Andreas Franke, a Keys-based photographer, has been creating exhibits that also raise environmental awareness. Most recently, his “Plastic Ocean” has garnered attention for its unblinking look at waste in our oceans and on shorelines. Franke came to the Keys 30 years ago and began diving, notably the shipwrecked Vandenburg. The Vandenberg boasts a 500-plus foot artificial reef, the second largest in the world, home to a diverse ecosystem of marine life.
Franke has done shipwreck dives around the world, from Key West to Croatia. He tells the origin story of his idea for his unconventional photo exhibit, “The Sinking World:” “I was diving in Egypt, and I was there, on an old dive boat, and there was a magazine about the sinking of the Vandenberg.” The serendipitous experience brought Franke back to the Keys, where he pursued a vision of not only photographing the ship, but also displaying the images on the ship, in the first-ever underwater exhibit on a shipwreck. His mission to get permission for the exhibit — which took many months, emails, and heavy-duty magnets — led him to Joe Wetherby, the man behind the sinking of the Vandenberg.
Wetherby helped him see a new perspective of the shipwreck. “For me as an artist,” he said, “it starts with thinking about why do we do this: sink ships and bring them to a place in the ocean where normally they should not be?
“But when you come down, you see thousands and thousands of fish, and normally there would only be sand down there,” he said. “It’s amazing. It’s a big home for all of them.” Franke affixed his photographs to the ship with 200-pound magnets for divers to view. After several months, the byproduct was the growth of oceanic micro-organisms over the photographs, which yielded art that was part human creation, part environmental.
Franke played with the juxtaposition of humanity and technology in nature in “The Sinking World.” In “Plastic Ocean,” he puts beautiful models in water amid garbage—in this case, loads of plastic he and his team collected along an Italian shoreline.
“It took four people one hour to fill 10 huge bags—and we could have done it in 30 minutes,” he said.
One thing that struck Franke was the inevitability of micro-plastics. “You think things are stable,” he said, “and you pick them up, and they break into small pieces. … The world is so unbelievably full of plastic, and it’s been in a really short time. Mankind did not think, we just produced.”

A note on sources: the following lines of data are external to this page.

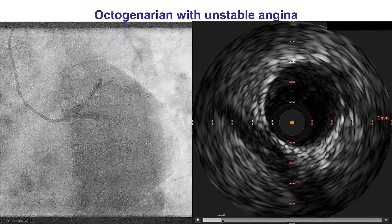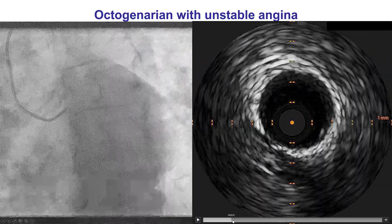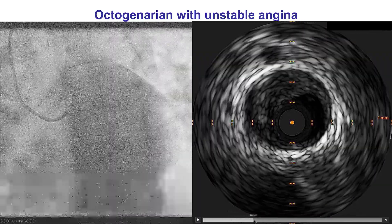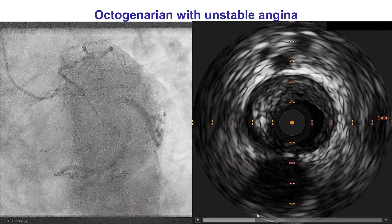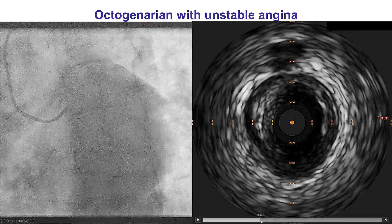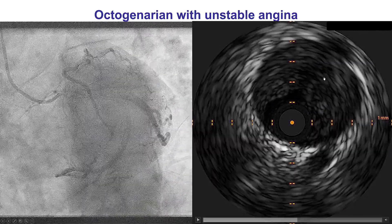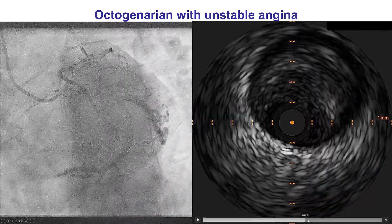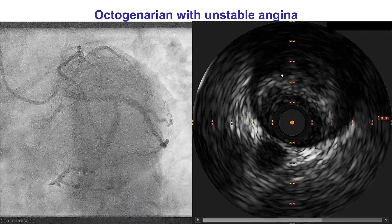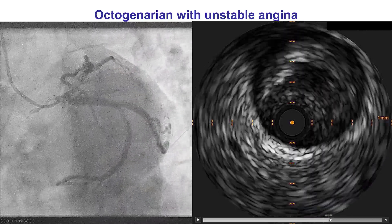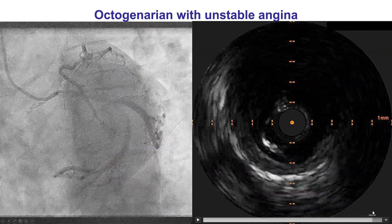We did intravascular ultrasound that demonstrated extensive plaque starting in the mid-LAD. As we come back more towards the proximal LAD, there is a large size branch — this is the origin of the diagonal branch, and it doesn't seem to have significant disease. Moving further back towards the left main, there is extensive plaque burden with no calcification, and some ultrasound attenuation suggesting a high lipid burden plaque. The left main is fairly large without any significant disease.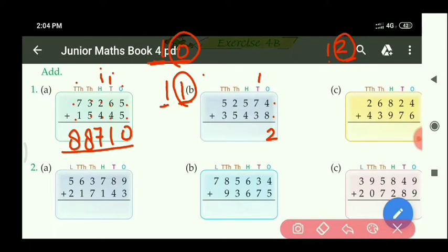At the 10's place: 7 plus 3 equals 10, and with 1 carry equals 11. Here also 2 digits — we cannot write both. The right side digit is 1, so write 1 at the 10's place. Carry 1 goes to the 100's place.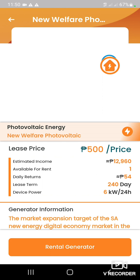Kung ang i-rental nyo ay 500 pesos, yan yung lease price nyo. Ang estimated income ninyo ay 12,960. Ang inyong daily returns ay 54.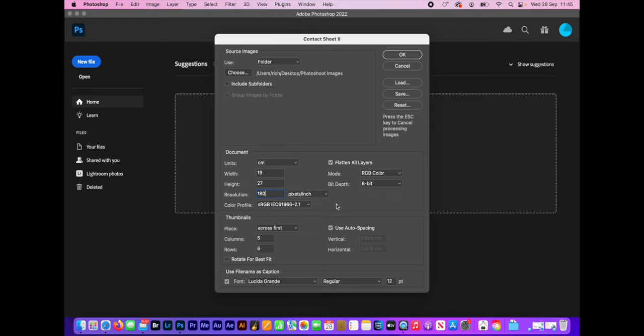I'm going to flatten all layers unless you want to move things around after you've done it, but that's only if you want to get into some other stuff afterwards. And then down here is deciding how you're going to place them.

This destruction inspired Franke, and he believes that images can create an impression that words may not. “Fish eat it, the turtles do, the whales do,” he said. “But it’s not just them: we kill ourselves, too.”
Franke is planning a new photography project for the Keys to debut this spring or summer. He said it will be “even stronger” than Plastic Ocean, in hopes that his photography can serve to spark activism and awareness. “I feel that art can open you up. … If you see something beautifully done, your brain opens more and more.”
Perhaps if people are not listening to the message of plastic harming our oceans, artists like Franke can help them see it.